##### Recorded information

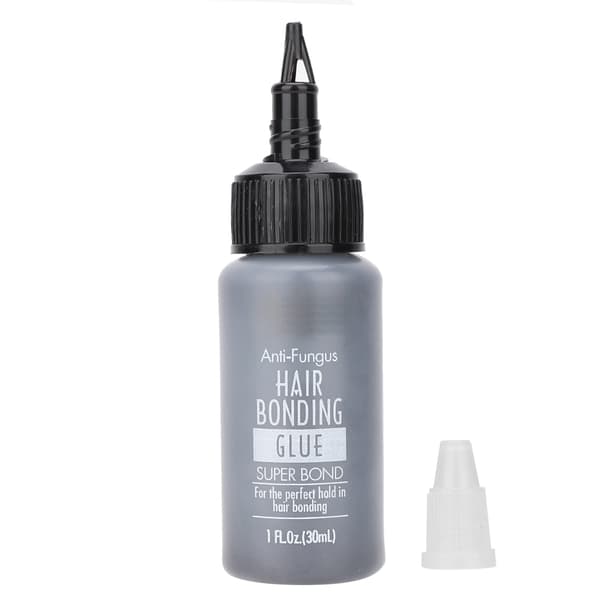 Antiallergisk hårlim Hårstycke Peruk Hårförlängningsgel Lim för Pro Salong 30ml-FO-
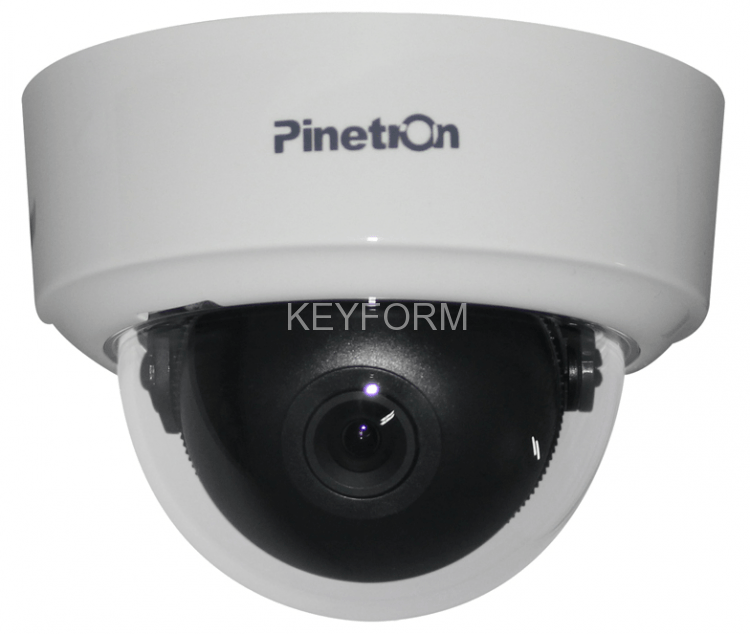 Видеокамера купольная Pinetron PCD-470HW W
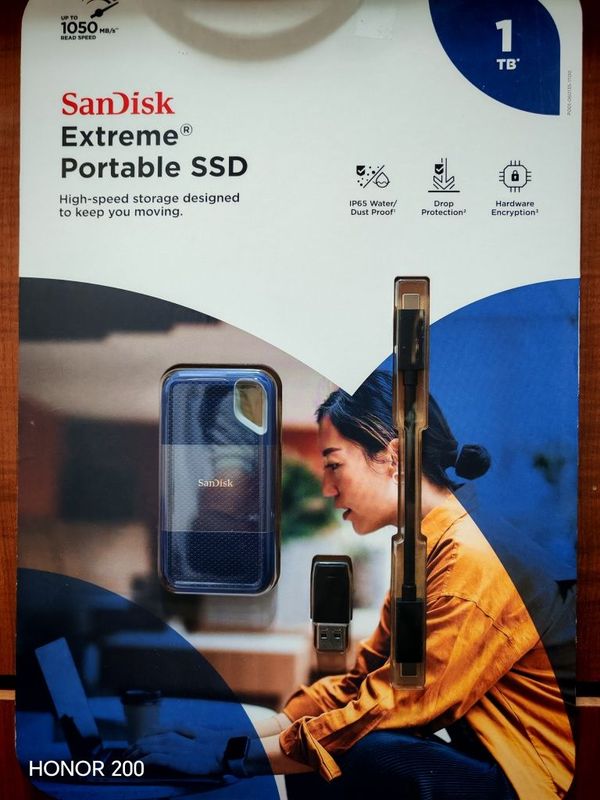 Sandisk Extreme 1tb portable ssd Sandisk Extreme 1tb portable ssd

##########

▶ [What is needed] Write out the listing above in full, word for word, with no pictures.

▶ [Your solution]
 Antiallergisk hårlim Hårstycke Peruk Hårförlängningsgel Lim för Pro Salong 30ml-FO-
 Видеокамера купольная Pinetron PCD-470HW W
 Sandisk Extreme 1tb portable ssd Sandisk Extreme 1tb portable ssd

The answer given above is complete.